## ABOUT THIS TASK
Within the entries below, output exactly the lines between the line containing "Hello class. Today" and the line containing "Moving to the", inclusive, and omit any picture.

## PROVIDED DATA
######

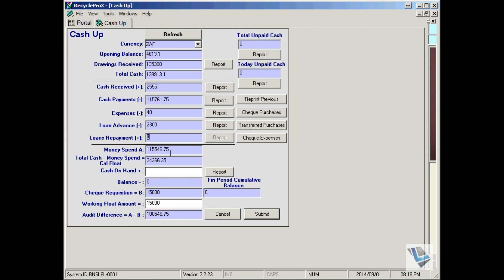Sales and loan repayments are all added up together to give your current working cash amount, and then the cash payments, these are the purchases done through the day, expenses and loan payments will be subtracted from this amount.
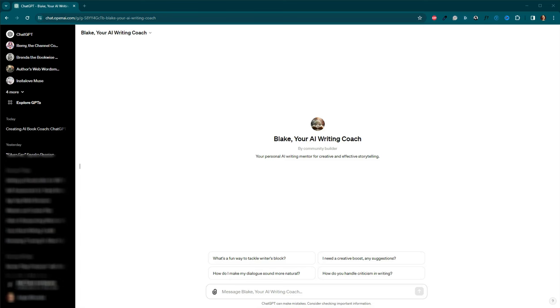Tip 1. Communicate clearly and specifically. Treat your AI writing coach like a real person in terms of communication. Be clear and specific. Remember, the AI only knows about your writing from what you tell it. The more detailed and specific you are, the better guidance you'll receive.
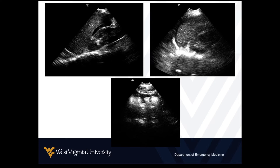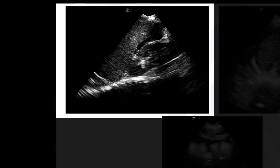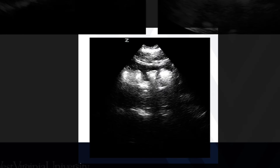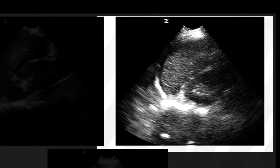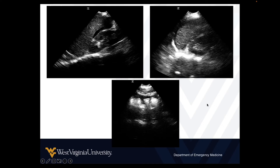Or this could be a ruptured ectopic pregnancy — depending on your scenario, that's where this is going to make sense. Here we see fluid in Morrison's pouch on the right between the liver and the kidney. Here we see fluid outlining the intestines — fluid in the pericolic gutter. And here we see fluid around the spleen. On the left side it's really important to identify the diaphragm, examine the entire spleen, and look for fluid around it if you're looking for intra-abdominal fluid, blood, or spontaneous bleeding.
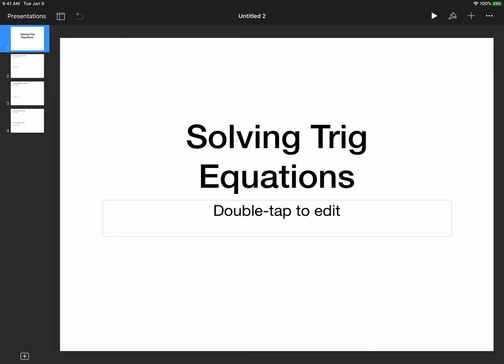Hello class. Today is going to be really, really brief because it's going to be an introduction to solving trigonometric equations. What you guys are going to be doing is using what you know about reference angles, rectangular coordinates, and ASTC — all students take calculus — you will be solving trigonometric equations.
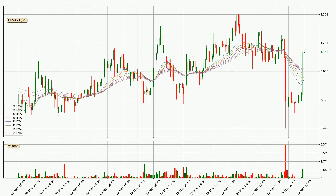Moving to the three-hourly exponential moving averages, the current price went above the three-hourly ribbon, so it is to be seen if the price will dip back below the ribbon or if it will play as a support to the downside, currently at around 4.01.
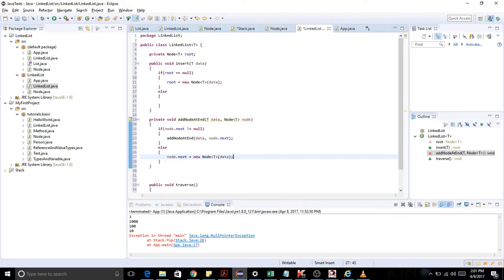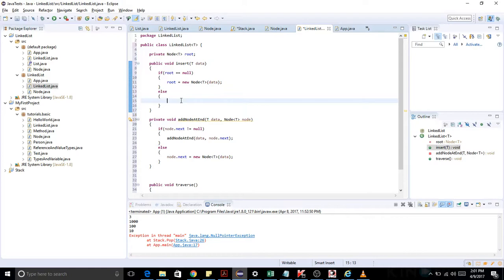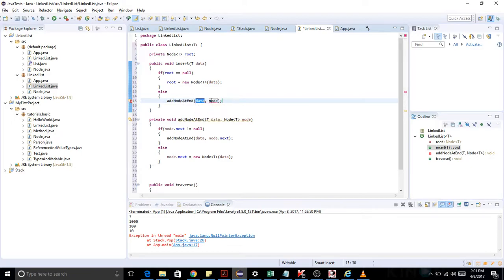This is going to add the node at the end of the list. Now what I am going to do here is call this method addNodeAtEnd, passing data and root.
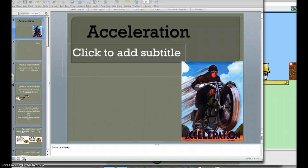Alright, welcome to our lesson on acceleration. My goal today is to take you through it so you can get your notes and see a little demonstration, so hopefully you understand acceleration.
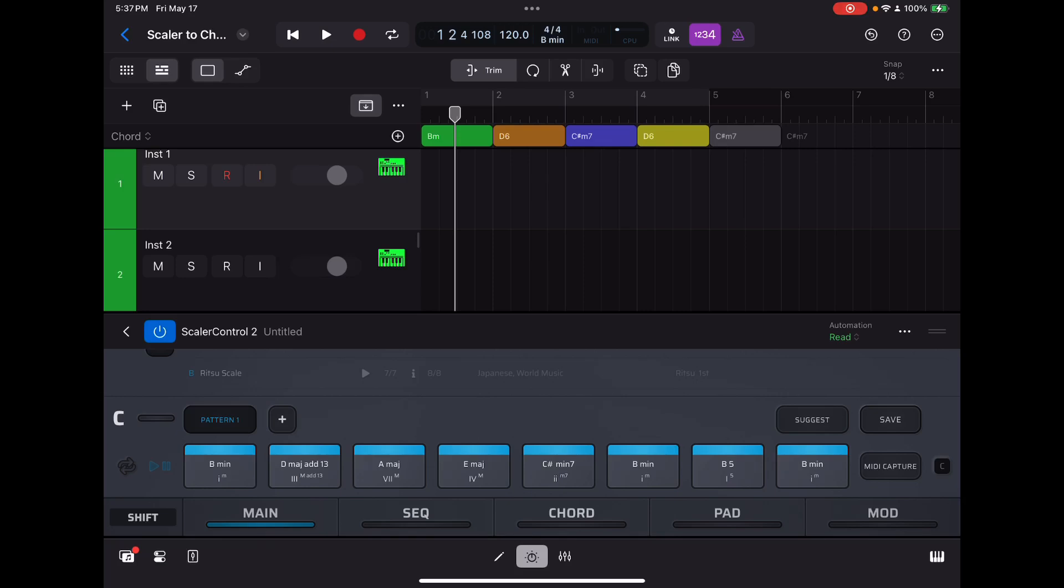Hey, it's Ed, and today I have some tips for anyone that is using Scaler 2 or interested in using Scaler 2 with Logic 2.0 for iPad.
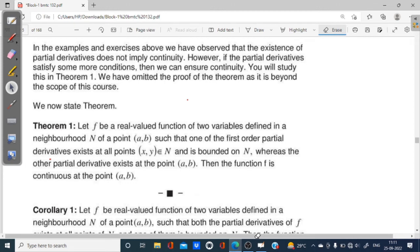Hello students, welcome to my YouTube channel. Today we will do Theorem 1.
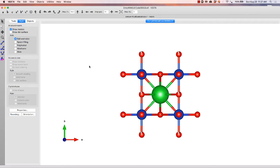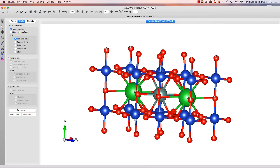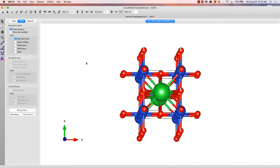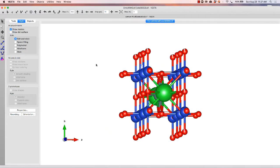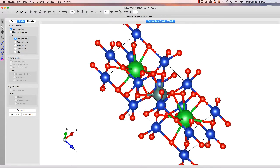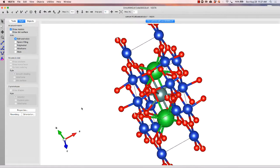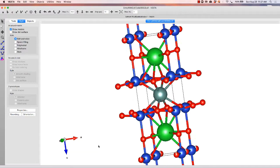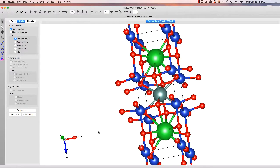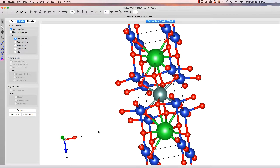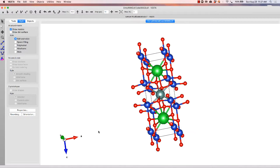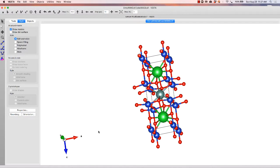although I never honestly use them because it's all about hotkeys when it comes to Vesta. So when you load it up, you're automatically in the rotate function, so you can take your unit cell and rotate it. If you ever fall out of that function, you can hit R to get back there.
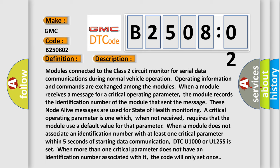When a module receives a message for a critical operating parameter, the module records the identification number of the module that sent the message. These node alive messages are used for state of health monitoring. A critical operating parameter is one which, when not received,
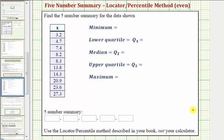Welcome to an example on how to find the five number summary of a data set. The five number summary consists of these five values: the minimum, the lower quartile or Q1, the median or Q2, the upper quartile or Q3, and the maximum. These five data values divide the data set into four groups with about one fourth or twenty-five percent of the data values in each group.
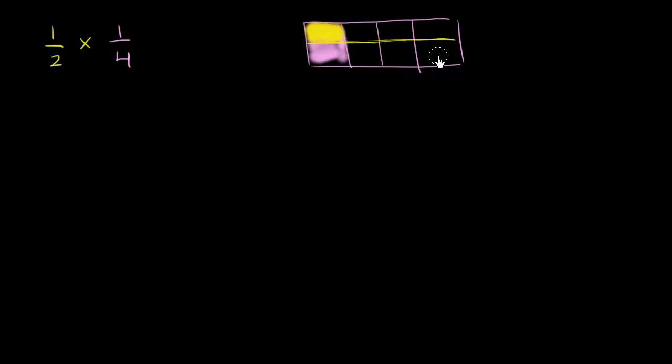But what fraction of the whole does this yellow represent? It now represents 1 out of 8 equal sections. So this right over here represents 1 eighth of the whole.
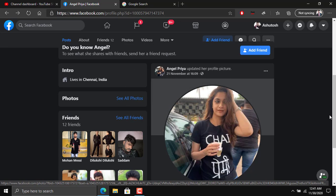So in the same way, you can find out the genuinity of any Facebook profile by doing a Google reverse search using the image.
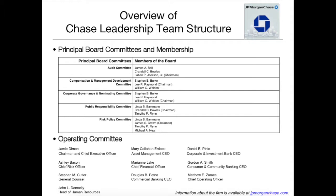The second part of the Chase leadership team structure is the operating committee, also known as the C-suite. And except for the main C-suite members, we also have other corporate officers here, including the corporate communications officer, secretary, controller, general auditor, and very importantly, the IR officer.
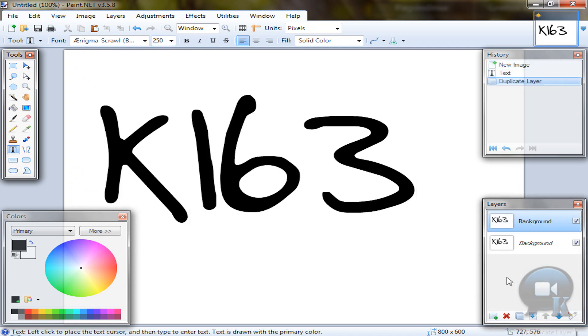Duplicate that layer. So we will be using this bottom layer later for masking or something.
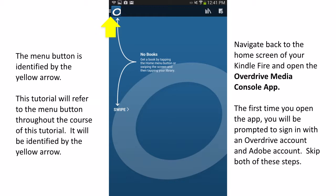After your app has finished downloading and installing, open it by tapping on the Open button or navigating to the app via your Kindle's home screen. The first time you open the app, you will be prompted to create an OverDrive account and an Adobe account. Neither of these steps are required for a Kindle, so you may skip through them. Please note the Menu button in the upper left-hand corner of the screen — it will be identified by a yellow arrow throughout this tutorial.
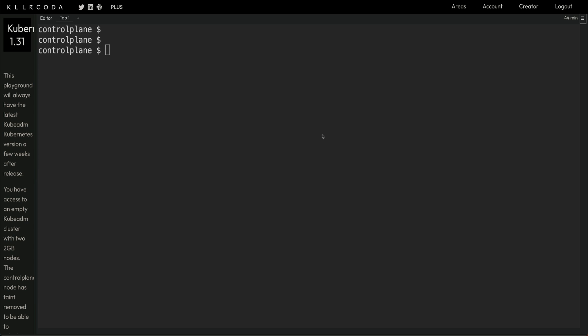In PDB you have two configuration options: you can either set the minimum available number of pods, or the maximum unavailable number of pods. If your application runs five pods and you set minimum available to three, there will always be three pods running no matter what voluntary disruption you perform. If you set maximum unavailable to three, at most three pods will be unavailable at any time.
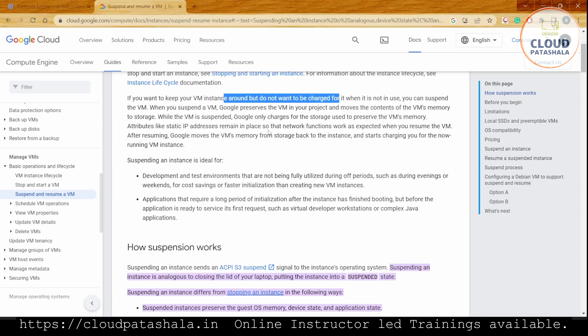Since the virtual machine is in a stop state with the information from the virtual memory saved on storage, we save cost on the compute part. We're still charged for the amount of memory saved on storage, which we cannot avoid.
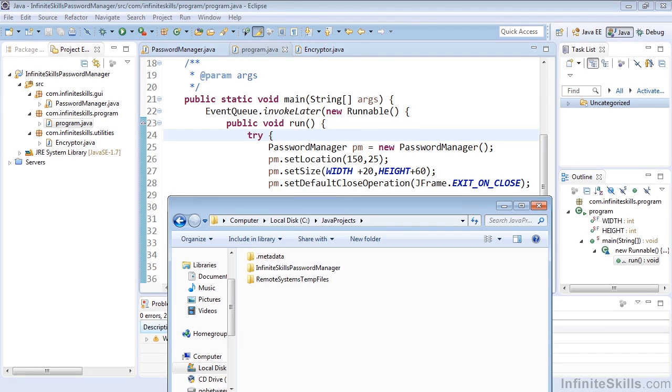In this lesson, we're going to go over the project folder structure as it exists on our drive in the computer. There may be instances where we need to be aware of this, for example, if we were turning in code in an academic setting, or if we were going to copy some of the files and use them in a different project at some point.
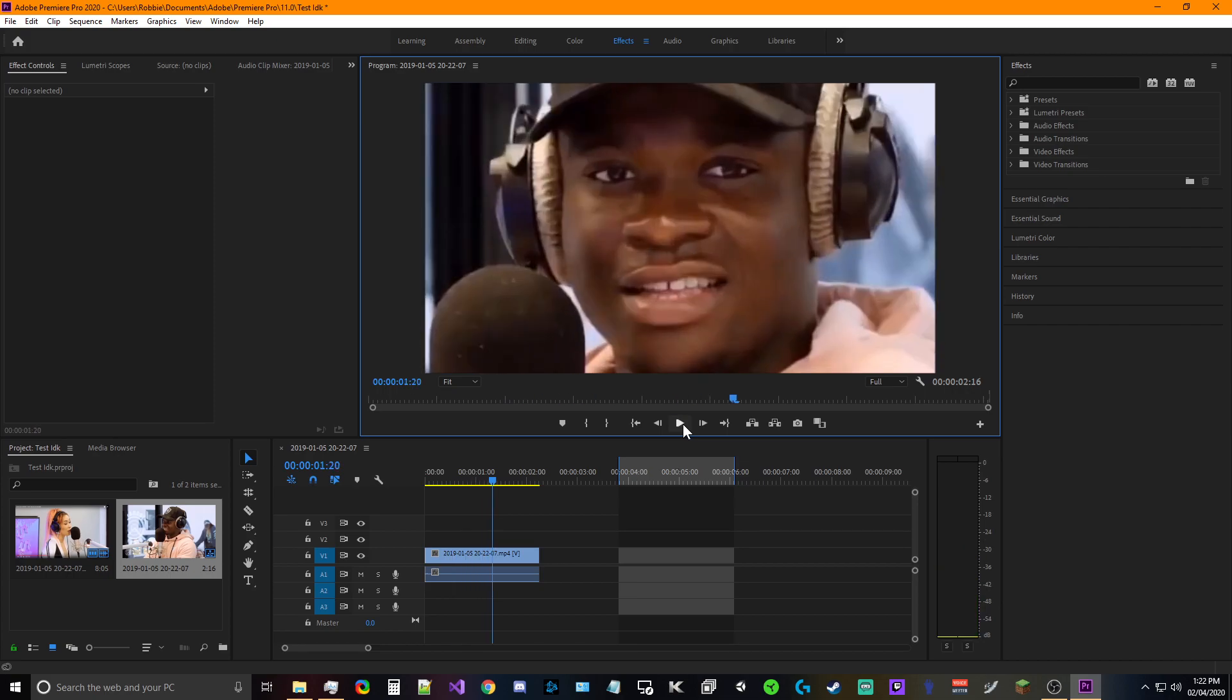And that's it. Then you'll go ahead and render it out and then you'll have just this small clip and you'll be able to use and throw it in your compilation videos or your funny videos or whatever. Anyways, I hope you enjoyed, have a good one guys.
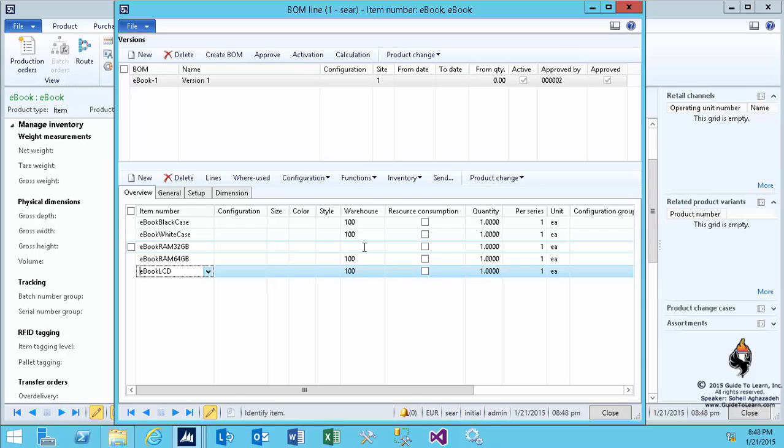Please make sure that you understand the difference between the configuration column, which is the second column from left, and the configuration group column. There are two different things. The first one, configuration, is a product dimension. The configuration group is not a product dimension. It's the way you group your products together for the configuration rule.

######

## EXPECTED OUTPUT
Hello class. Today is going to be really, really brief because it's going to be an introduction to solving trigonometric equations. What you guys are going to be doing is using what you know about reference angles, rectangular coordinates, and ASTC — all students take calculus — you will be solving trigonometric equations.
Moving to the three-hourly exponential moving averages, the current price went above the three-hourly ribbon, so it is to be seen if the price will dip back below the ribbon or if it will play as a support to the downside, currently at around 4.01.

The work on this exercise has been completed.